Currently, NAB is engaged with many major cases involving whooping amounts, however, again, amongst other factors, a serious bottle neck is judicial delay. To elaborate this fact, consider the Avenfield case, where our ex-PM Muhammad Nawaz Sharif and his daughter Maryam Safdar have both been sentenced and fined with a penalty of 10 million British Pounds. However, their sentence has been suspended in an appeal, which is likely to remain pending adjudication for an unidentifiable period. During this period, no steps were taken for the recovery of the imposed penalty and ultimately, this case, like others, might also fail to reach its logical conclusion. The most painful impact is the entrapment of 10 million British Pounds of public money; which, owing to the lack of interest by the government, will remain confined in a court file.

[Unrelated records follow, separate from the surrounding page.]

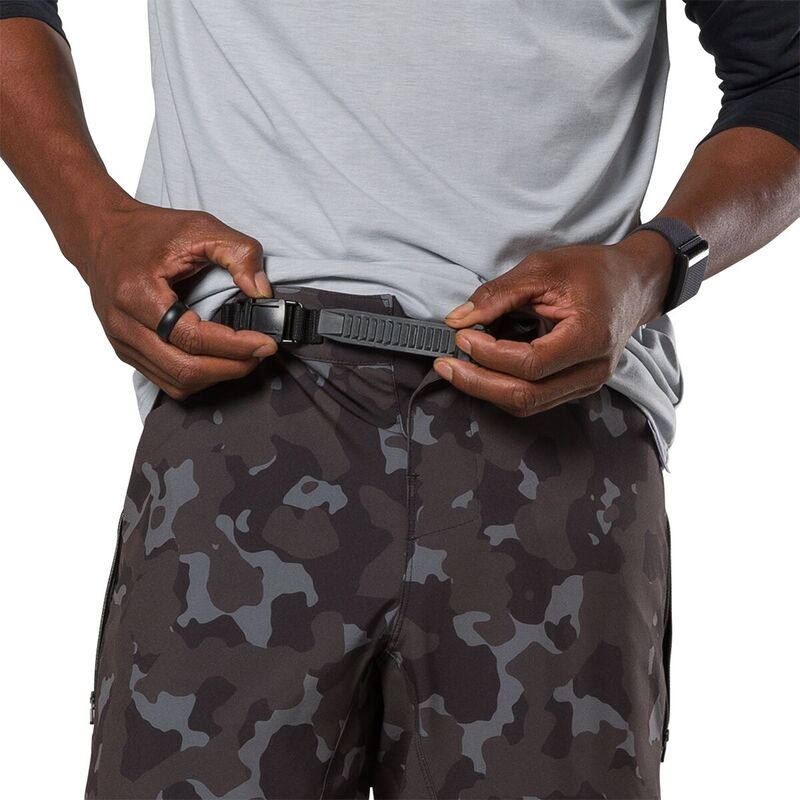 【送料無料】 パールイズミ メンズ ハーフパンツ・ショーツ ボトムス Summit Shell Short - Men's Black Camo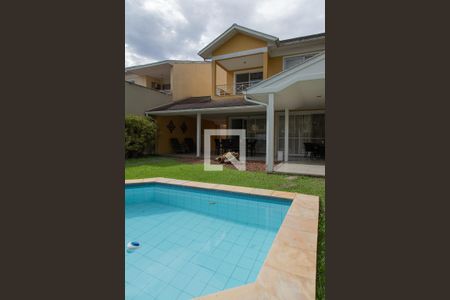 Casa à venda com 220m², 4 quartos e 3 vagas Casa à venda com 220m², 4 quartos e 3 vagasFachada interna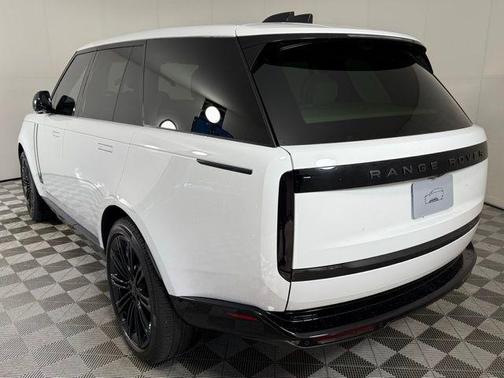 2026 Land Rover Range Rover SE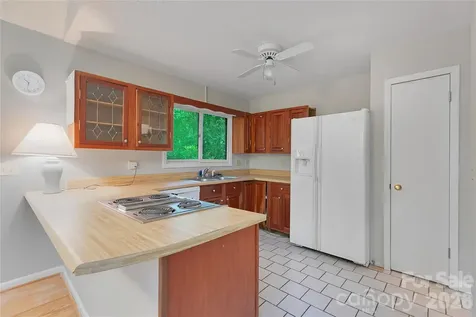 56 Guque Court Brevard NC 28712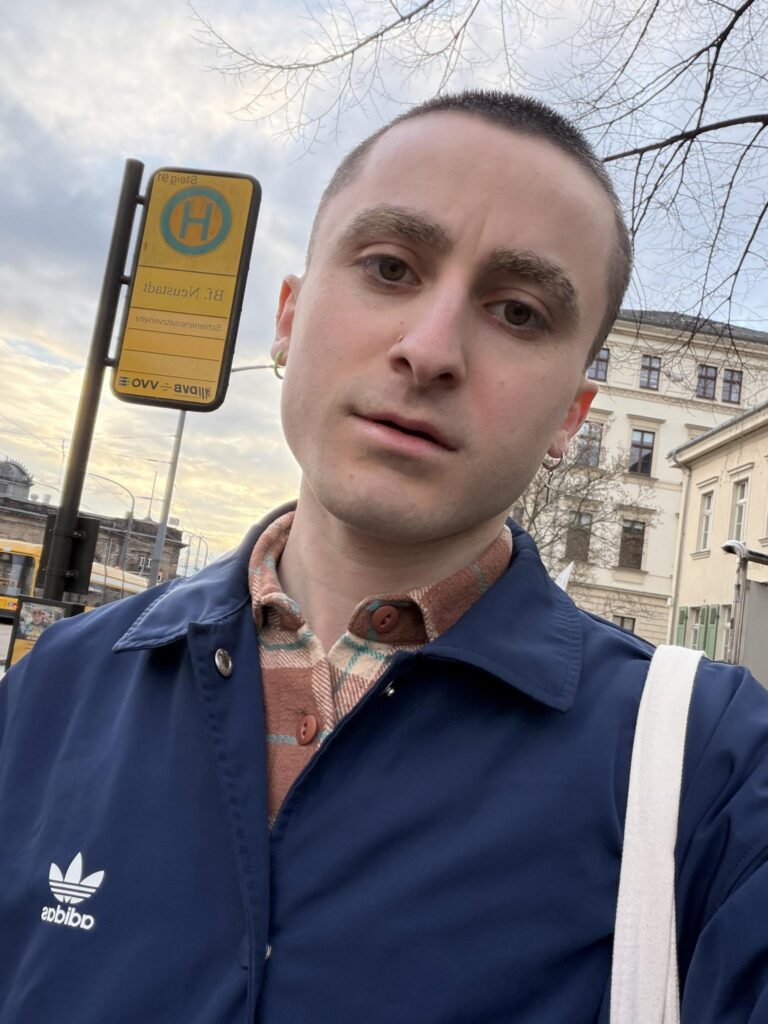 ნიქო გორგილაძე: ლიტერატურა გატრუნული ტურებისთვის!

It should be kept in mind that these are only two important sources that are highlighted above, with other major sources such as bank loans or personal disputes not even discussed. It is not only the failure of recouping public money that adds to poverty but also all kinds of judicial delays have a similar effect. In the recent past, there has been substantial litigation wherein various persons, prompted by personal interests, challenged the establishment of industries on the pretext of its impacts on the environment. Alas, the entrepreneur ultimately had to flee from Pakistan, owing to non-disposal of injunction applications and/or the appeals. Pakistan never catered for this fact and silently kept on adding to growing poverty in the country, mainly because of lack of litigation and judicial reforms.

Even skillful entrepreneurs confined in prisons and their matters not decided expeditiously leave an overall negative impact on the economy. Let alone the financial impact, the emotional impact of fighting legal battles in Pakistan can be overwhelming. Being a lawyer, I heard people yearning in the courts: “Sahib please mera case resolve kar do, ab tu mera bacha bhi school nahi ja pa raha” – Sir please resolve my case, my son can’t even go to school anymore. Hence, such delays, while impacting the economic situation, also negatively affect the social dynamics of a society. These impacts can be summarized in the words of Ranil Wickremesinghe, the Sri Lankan Prime Minister. Mr. Wickremesinghe, speaking at the 14th SAARC Law Conference, lamented that in South Asia, five generations fight for a mere 120 yards of land. He pointed out judicial delays and the poverty caused by such abnormal delays.

There is no denying of the existing problems, such as neglected judicial infrastructure, lack of human resources and availability of skilled and trained labor force. Yet some panacea must be introduced to decide the cases involving public money. Perhaps additional benches can be constituted. The availability of judicial and technical members in Appellate Tribunals may also be ensured. This must be done to ensure that this factor be eliminated and the public money be recovered at the right time, which could provide substantial support to the national exchequer.